Therefore the military intelligence has very little 'Humint' - intelligence gathered on the ground - in the Wanni. The army has been able to acquire some information of the LTTE's positions through aerial surveillance carried out with the UAVs (Drones). There are many who claim that the Drones had produced an impressively accurate picture of Tiger bases in the Wanni when the Jaya Sikurui was on the drawing boards. This is not correct.

Electronic intelligence, whatever the degree of its sophistication, is mostly useless unless it is matched with information gathered by operatives on the ground ( or Humint in the parlance of spooks) and is properly analysed . This is a major drawback the army faces in the Wanni. It is further compounded by the fact that the airforce has lost all its UAVs. This is the reason why the army, despite the heavy bombing raids behind the lines' by the airforce' and the firepower of the long range artillery, has not been able to pick out a single artillery position of the LTTE. The unusually high rate of wounded among the Jaya Sikurui troops has been largely due to artillery attacks by the Tigers. In short, the army is walking into a terrain where it is, and will be, intelligence blind.

It is therefore incorrect to assume that the Tigers will pull out of the Kilinochchi road area after a period of initial resistance as they did in Jaffna. And contrary to an expectation in certain quarters, the Tigers will not withdraw a substantial portion of their military assets from the Wanni to the eastern province once the army succeeds in trifurcating the region. Here one must take note of the fact that the LTTE has not exhausted all its options in the Wanni war. They are still opposing the army's advance 'frontally'.

The Directorate of Military Intelligence, it is understood, had been predicting a massive diversionary strike on a major target bordering the Wanni while the first phase of Op. Jaya Sikurui was struggling to gain a few kilometres north of Omanthai. A Mullaithivu style attack was expected on the Mannar mainland FDL or on the Kilinochchi-Paranthan complex or on Vavuniya. Logically this appeared quite probable. But nothing happened expect the attack on the cargo vessel Athena in Trincomalee.

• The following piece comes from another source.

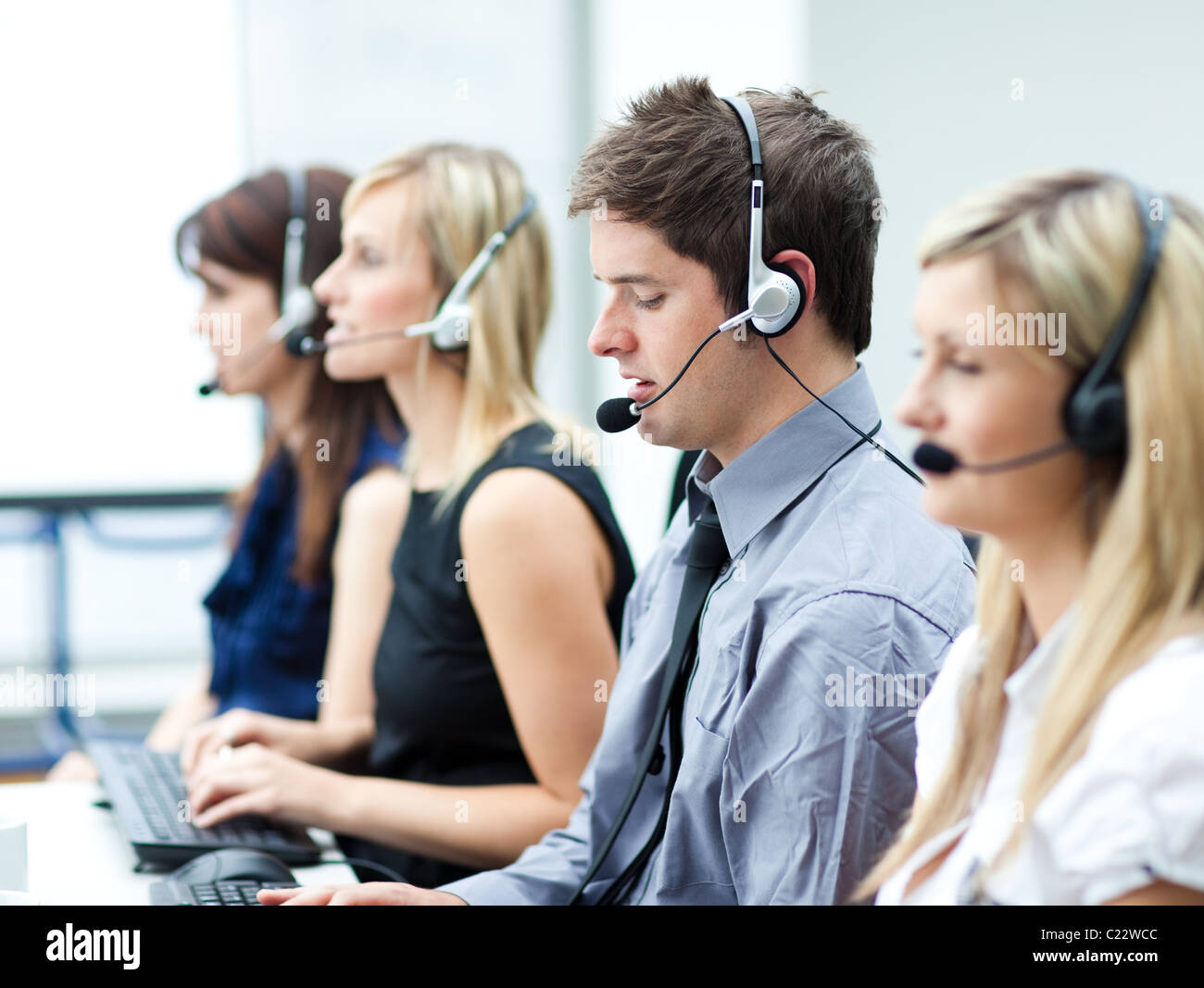 Attractive young man working in a call center Stock Photo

The Tiger high command is apparently keen on drawing the army into the Wanni where the security forces are intelligence blind while fighting them into a certain level of exhaustion by resisting Jeya Sikurui frontally on the Nedunkerny - Puliyankulam road and the Omanthai - Pulaiyankulam road, and then go for the options that are available to it. In this connection one must take into account the fact that the Tiger high command did not call troops from the Batticaloa and Ampara districts for the sole purpose of fighting Jaya Sikurui. The elite 'Jeyanthan brigade' which was called up to the Wanni in March is said to be undergoing a special training programme along with some other units stationed in the Wanni.

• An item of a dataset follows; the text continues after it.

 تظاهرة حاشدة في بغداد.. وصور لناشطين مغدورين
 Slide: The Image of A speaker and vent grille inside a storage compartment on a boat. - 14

The onslaught of Jaya Sikurui seems to have had no effect on on this training which seems to be aimed at something very specific. The element of surprise has always been the LTTE's strong point. Prabhaharan will not let it go despite the unprecedented calamity that Jaya Sikurui has created in the Wanni. One of the central problems the Sri Lankan state faces in prosecuting the Eelam War has been its inability to make him panic.